Q. Now, as far as – what – was there any agreement made during that meeting?  Was there any – what belief did you have as far as reimplementing AWS, when the three of you met?
 
A. That was the final piece of information that Ms. Romo had requested back on December 30th, which was just to provide the Union with the days off that we were going to have for the AWS, and as I said, close that loop and then move forward to reimplementing the AWS.
 
(Tr. 188).  Thus, neither of the Respondent’s witnesses directly contradicted Ms. Romo’s testimony that she did not agree during the January 10, 2014, meeting to proceed with implementation of CWS/AWS with off-days limited to Tuesday and Wednesday but, rather, that she wanted to discuss the matter further with Mr. Ramirez and Mr. Garza which is consistent with Ms. Perez’s contemporaneous note of the meeting.  (R. Ex. 4).  
[10] The GC did not seek a status quo ante remedy in Case No. DA-CA-13-0410.
[11] The Respondent introduced a copy of an employee’s work schedule from January of 2013 which reflects that the employee was on a compressed work schedule with Wednesday as his day off. 
(R. Ex. 5; Tr. 185-86).  Since it is undisputed that there was no restriction on available days off under the CWS/AWS program that was in use at the HRO prior to April of 2013, the fact that one employee selected a Wednesday as his day off does not establish that a compressed schedule with days off limited to Tuesdays and Wednesdays was in use at the HRO prior to January of 2014.  

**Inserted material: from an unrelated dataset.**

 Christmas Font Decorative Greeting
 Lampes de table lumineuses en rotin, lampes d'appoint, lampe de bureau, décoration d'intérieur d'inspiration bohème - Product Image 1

[12] The Authority concluded that the agency’s bargaining obligations with respect to the changes in starting and quitting times was limited to the impact and implementation, but not the substance, of the decision because the case involved the agency’s right under § 6122(a) of the Work Schedules Act, 5 U.S.C. § 6122(a), “to adjust employee arrival and departure times within the flexible hours of the AWS to ensure office coverage during the hours that the office was open for business.”  (Id. at 1238).  The instant case does not simply concern an adjustment in arrival and departure times that is reserved to agency management under § 6122(a),but rather a decision to establish CWS/AWS which, as discussed above, is substantively negotiable.  See EPA, Research Triangle Park, N.C., 43 FLRA 87, 94 (1991) (distinguishing Lowery AFB in a case involving termination of AWS). 
 
[13] The 2000 Agreement was signed by the INS Commissioner and the AFGE President on June 8, 2000, and Article 49 provides that it shall be in effect for three years from that date. 
[14] Subsection 2(b) (Legal Restrictions) of Article 29, Section C recites the legal parameters for CWS/AWS under the Work Schedules Act. (Jt. Ex. 1 at 57).
 
[15] It is noted that one HRO employee ultimately went to the Union when his request for Tuesday as his off-day was denied by Supervisor Jimenez.  However, I consider Mr. Garza’s conduct in contacting the Union to have been a purely fortuitous event that did not have the effect of curing or ameliorating the Respondent’s unlawful bypass.